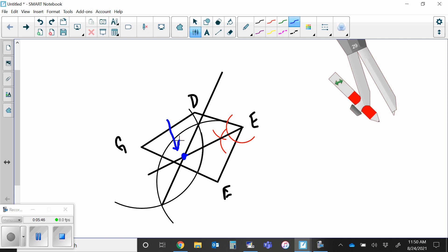So those are the two constructions — the perpendicular bisector and the angle bisector. The other two you should know how to construct are a line segment and an angle. Those are the four constructions we've gone over.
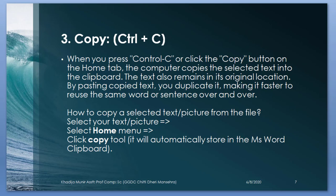Copy. When you press Ctrl plus C or click the copy button on the home tab, the computer copies the selected text into the clipboard. The text also remains in its original location. By pasting copied text, you duplicate it, making it faster to reuse the same word or sentence over and over. How to copy a selected text or picture from the file? Select your text or image, select home menu, click copy tool and it will automatically store in the MS Word clipboard.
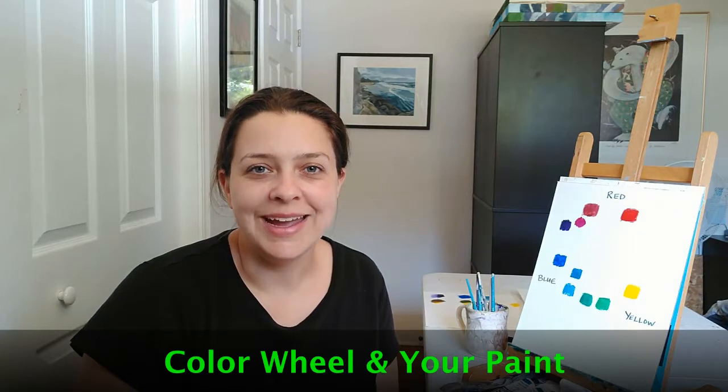Hi, this is Kristen O'Neill and today I wanted to talk to you about a color wheel.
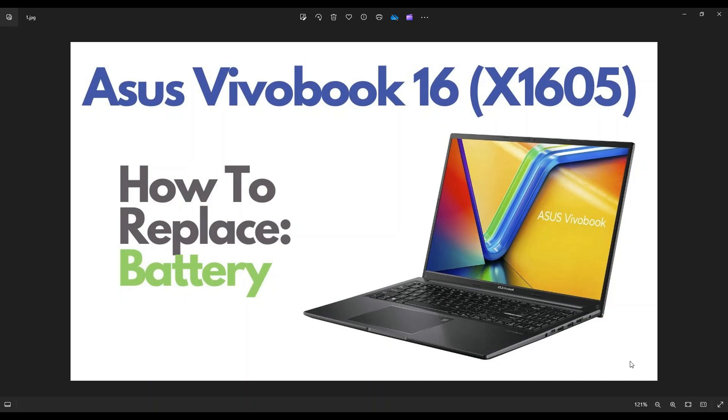Hey guys, my name is Jamin. Thanks so much for visiting my channel. In this video, I have an Asus Vivobook 16. This is the X1605 model.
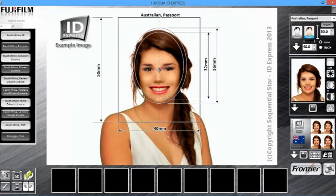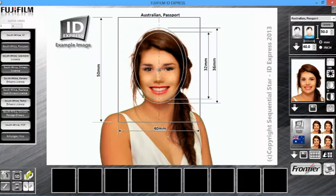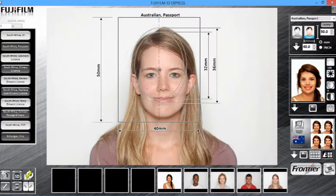Hello and welcome to IDExpress. In this demonstration, I will show you how to use the software. After taking a photograph of a customer, take the card out of the camera and insert it into the computer. If it is set up correctly, the photographs will instantly download.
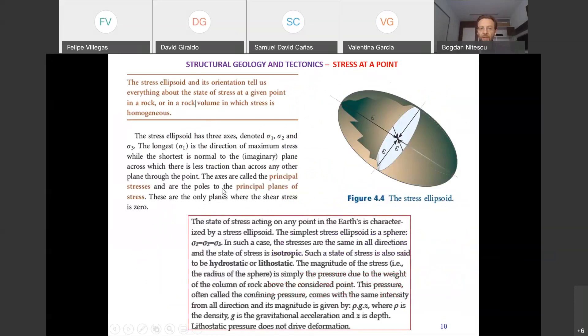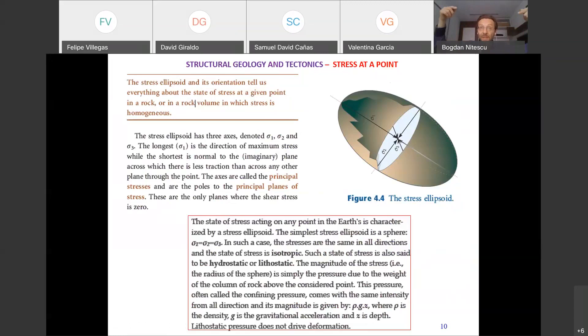The orientation of the stress ellipsoid tells you about the state of stress at a given point in a rock. The principal directions of stress show where the main stress is coming from — whether from a plate margin or due to the weight of overlying rocks. We use mathematics as a tool because our mind cannot directly picture these abstract force fields; this is a great example of how mathematical concepts help us understand physical reality.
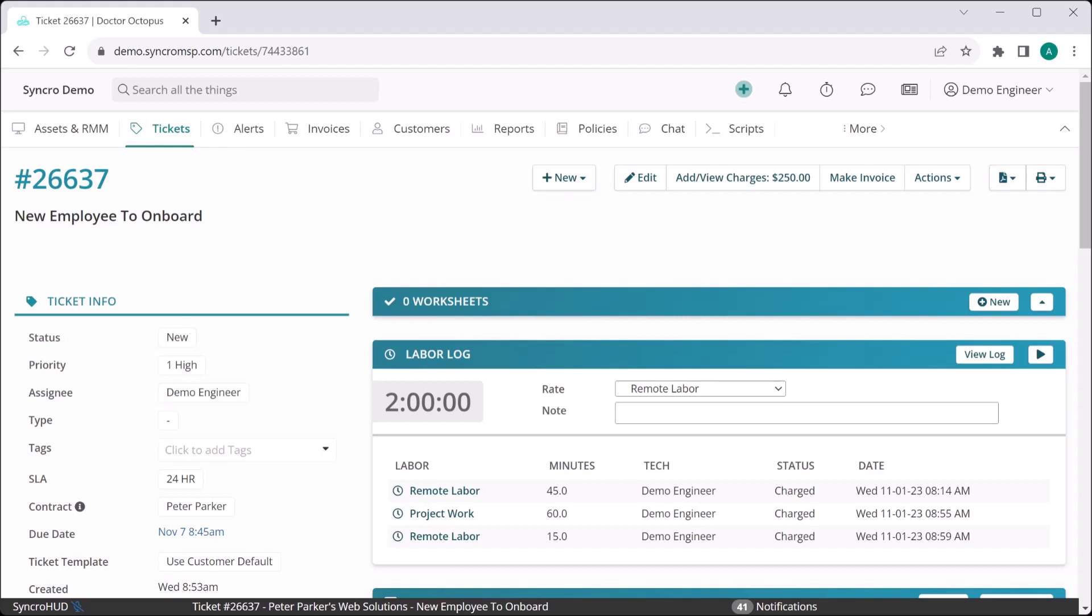So here we have a new ticket coming in from a customer letting us know they have a new employee we need to onboard. As an MSP, my techs are constantly forgetting steps in this process, causing tickets to go back and forth much more frequently than they should be.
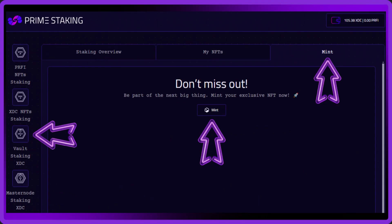Next, you need to mint one of our XDC vaults in order to stake your XDC, so go to the vault staking section on the left side of the website and then select the mint section in the top right corner and then press the mint button in the middle of the screen.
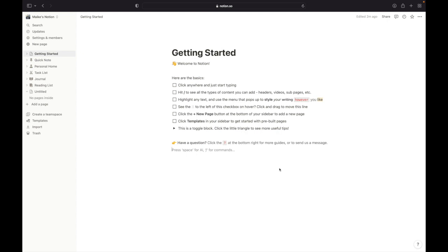In this video I'm going to show you how you can download Notion for Macbook, Windows or Linux or whatever computer you are using. It is super simple.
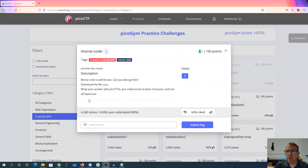Encrypt this — download the file here, wrap your answer with picoctf, put underscores in place of pauses, and use all lowercase.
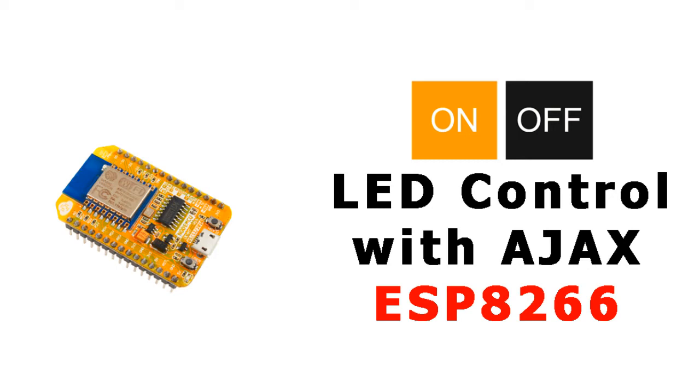Hi everyone! In the previous video, we discussed Ajax and we sent data from ESP to our web server without page refreshing.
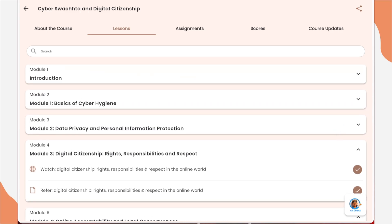After completing all of them — you just need to open all the videos, watch for two minutes, open all the PDFs, watch for two minutes, and come back. It will show a tick mark, meaning that you have opened everything and completed those modules.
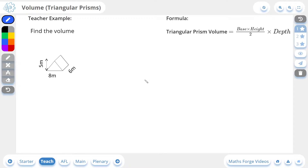Hi, this is Jack from MathsForge, and in today's lesson we're going to be doing volumes of triangular prisms. So let's take a look at our first example.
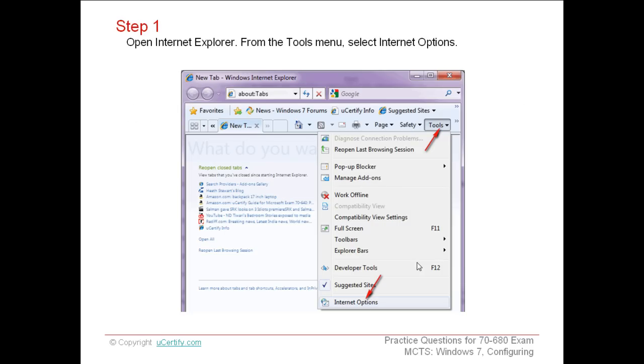Now let us proceed further and learn how to configure the proxy server settings on Windows 7. The first and foremost step is to open the Internet Explorer.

..........

» EXERCISE PROMPT
Transcribe every entry word for word, but skip the pictures.

» RESULT
So those are the two constructions — the perpendicular bisector and the angle bisector. The other two you should know how to construct are a line segment and an angle. Those are the four constructions we've gone over.
Copy. When you press Ctrl plus C or click the copy button on the home tab, the computer copies the selected text into the clipboard. The text also remains in its original location. By pasting copied text, you duplicate it, making it faster to reuse the same word or sentence over and over. How to copy a selected text or picture from the file? Select your text or image, select home menu, click copy tool and it will automatically store in the MS Word clipboard.
Hi, this is Kristen O'Neill and today I wanted to talk to you about a color wheel.
Hey guys, my name is Jamin. Thanks so much for visiting my channel. In this video, I have an Asus Vivobook 16. This is the X1605 model.
Hello and welcome to IDExpress. In this demonstration, I will show you how to use the software. After taking a photograph of a customer, take the card out of the camera and insert it into the computer. If it is set up correctly, the photographs will instantly download.
The orientation of the stress ellipsoid tells you about the state of stress at a given point in a rock. The principal directions of stress show where the main stress is coming from — whether from a plate margin or due to the weight of overlying rocks. We use mathematics as a tool because our mind cannot directly picture these abstract force fields; this is a great example of how mathematical concepts help us understand physical reality.
So here we have a new ticket coming in from a customer letting us know they have a new employee we need to onboard. As an MSP, my techs are constantly forgetting steps in this process, causing tickets to go back and forth much more frequently than they should be.
Next, you need to mint one of our XDC vaults in order to stake your XDC, so go to the vault staking section on the left side of the website and then select the mint section in the top right corner and then press the mint button in the middle of the screen.
In this video I'm going to show you how you can download Notion for Macbook, Windows or Linux or whatever computer you are using. It is super simple.
Encrypt this — download the file here, wrap your answer with picoctf, put underscores in place of pauses, and use all lowercase.
Hi everyone! In the previous video, we discussed Ajax and we sent data from ESP to our web server without page refreshing.
After completing all of them — you just need to open all the videos, watch for two minutes, open all the PDFs, watch for two minutes, and come back. It will show a tick mark, meaning that you have opened everything and completed those modules.
Hi, this is Jack from MathsForge, and in today's lesson we're going to be doing volumes of triangular prisms. So let's take a look at our first example.
Now let us proceed further and learn how to configure the proxy server settings on Windows 7. The first and foremost step is to open the Internet Explorer.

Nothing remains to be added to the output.